When a person comes to see me, as a hypnotherapist, to work on stress, I teach them relaxation and have them create a peaceful place in their minds. I tell them, “This can be a favorite vacation spot, or a place you create solely in your imagination.” The main idea is that it’s serene and safe.

I’ve heard people poke fun of the idea of a “peaceful spot.” They can’t believe that anything so simple can be effective. But after working with hundreds of people with this concept, I’ve seen the positive results. Practicing relaxation daily with this image can reduce stress significantly. I’ve seen stress, pain, and anxiety decrease immensely with this technique.

Recently, I read an article about girls who were susceptible to depression. They were able to rewire their brains to reduce this risk. People like them have an overreaction to upsetting experiences, which can be seen in brain scans.

Stanford researchers scanned the brains of these girls to see how they responded to negative pictures. The area of the brain that responds to stress showed increased activation on the scans. The researchers then instructed them to think of pleasant experiences and shift their focus from negative to positive images. On brain scans, it showed that the part of the brain triggered by stress calmed down.
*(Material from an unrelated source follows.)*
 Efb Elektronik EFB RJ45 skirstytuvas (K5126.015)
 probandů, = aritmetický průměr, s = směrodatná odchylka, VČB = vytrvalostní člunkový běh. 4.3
Even several days after the exercises, the girls showed the same reduced reaction to stressful images. They were able to rewire their brains to be less reactive to stress, which in turn reduced the likelihood of depression later on.

This is very similar to the technique I teach my clients. But I also include relaxation, which reduces stress on its own. You can rewire your brain so you don’t overreact to stress, which will reduce the amount of stress and anxiety that you experience in your life.

Practice relaxation and imagining yourself in a special place. Then imagine an upsetting image, and immediately switch your attention back to your special place and all its peace.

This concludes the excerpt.